Love Again Review

Love Again
After her boyfriend is killed in a car incident, children’s book illustrator Mira Ray (Priyanka Chopra Jonas) sends texts to his phone to process her trauma. Yet when they are inadvertently received by music critic Rob Burns (Sam Heughan), he seeks the help of Celine Dion to find her.

by Lillian Crawford |
Published on

It’s bold to assume the audience of your Hollywood romcom is familiar with the opera Orpheus And Eurydice by Christoph Willibald Gluck. The Orpheus myth has inspired some of the greatest filmmakers of the past century, from Jean Cocteau to Céline Sciamma. To that lofty pantheon we must now add James C. Strouse, writer and director of Love Again. Or rather Karoline Herfurth, whose 2016 film SMS für Dich (based on a novel by Sofie Cramer), inspired it. Perhaps German cinemagoers are all Gluck aficionados.

Love Again, believe it or not, mirrors the opera beautifully. After children’s book illustrator Mira Ray (Priyanka Chopra Jonas) loses her boyfriend in a car accident, she continues to text her dead lover’s phone as a channel for her grief. His mobile is recycled and used as the work phone of music critic Rob Burns (Sam Heughan), who falls in love with Mira through her melancholic poetry. Mira reveals her adoration for Orpheus And Eurydice, currently playing in New York, and Rob attends every performance to stage an impromptu meet-cute.

They strike up a romance, only for Mira to find her texts on Rob’s phone.

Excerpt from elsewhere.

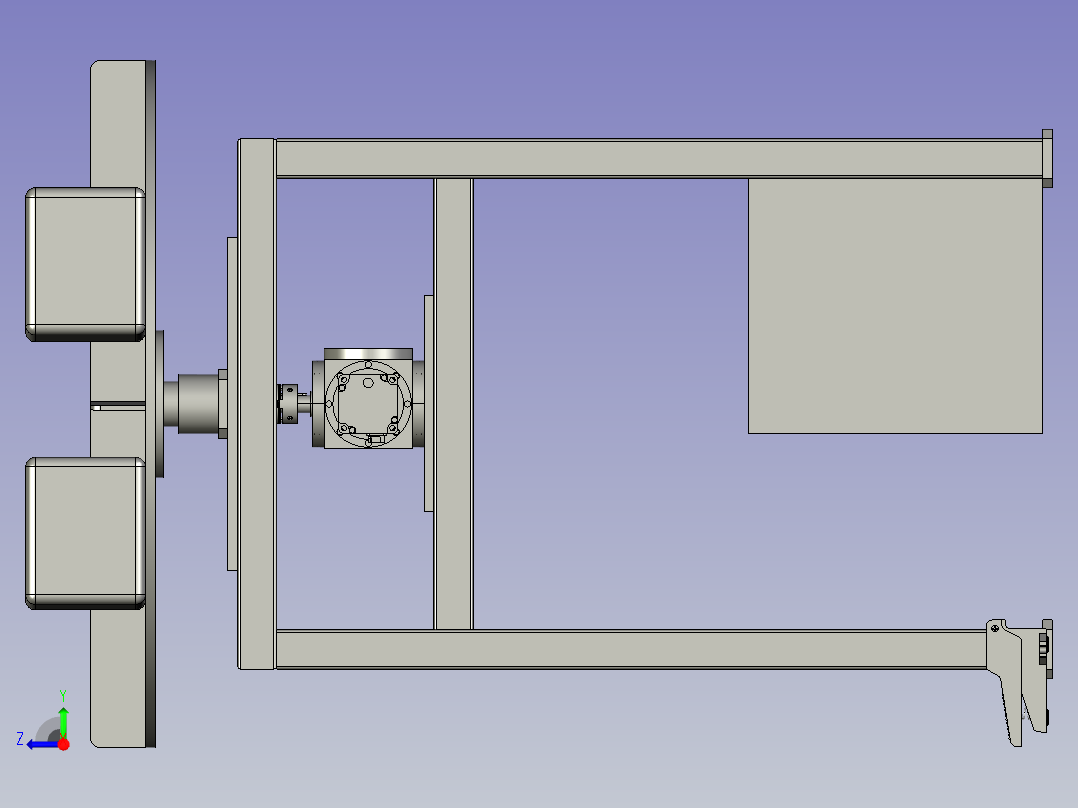 汽车配件加工用旋转工作台右视图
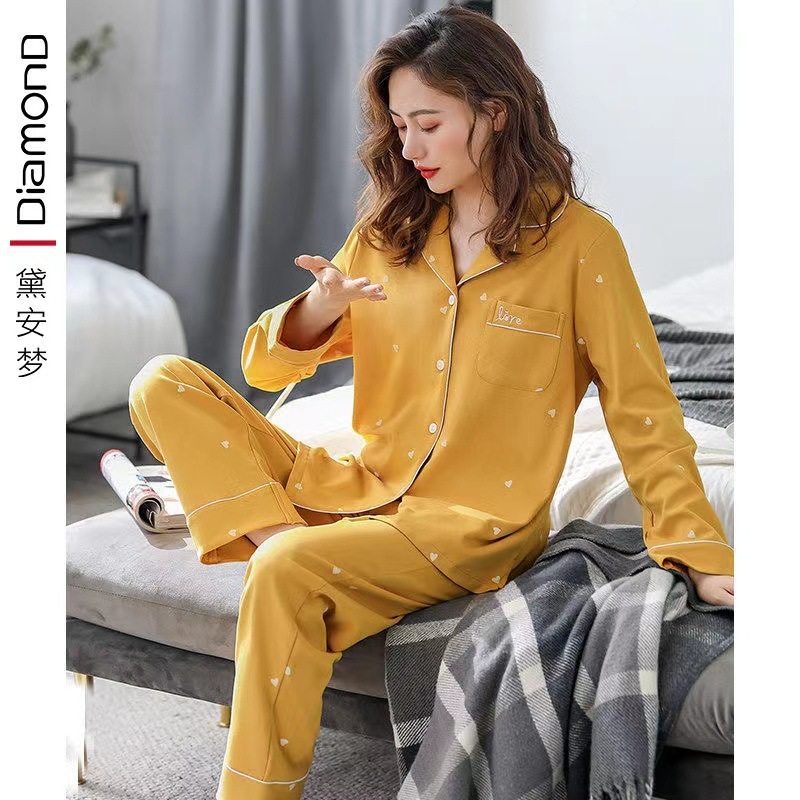 女士纯棉中年妈妈长袖春秋季全棉套装开衫薄款中老年睡衣|undefined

Like Orpheus turning to face Eurydice, which condemns her to Hades forever, Mira disappears from Rob’s life. But unlike the Orpheus myth, Gluck’s opera has the cupid-like Amore revive Eurydice after taking pity on Orpheus — and who better to embody Amore in this adaptation than Canadian diva Celine Dion, appearing as herself, to guide Rob through the nine circles of Hell? It’s a peculiar sort of genius.

To this bizarre concoction add a smattering of British stars, including Russell Tovey, Lydia West, and Celia Imrie, doing shaky American accents, and that’s Love Again. It’s roughly made, suffocated by on-screen text messages and a heavy violin score by Keegan DeWitt out of tune with the Gluck arias and Dion ballads. But when a movie moves with such ease from ‘Che farò senza Eurydice?’ to ‘It’s All Coming Back To Me Now’, one can only respond with bemused respect.

It takes courage and ingenuity to find the modern romcom formula within the operas of Gluck, sung well through SMS by Heughan and Chopra Jonas. It also stars Celine Dion.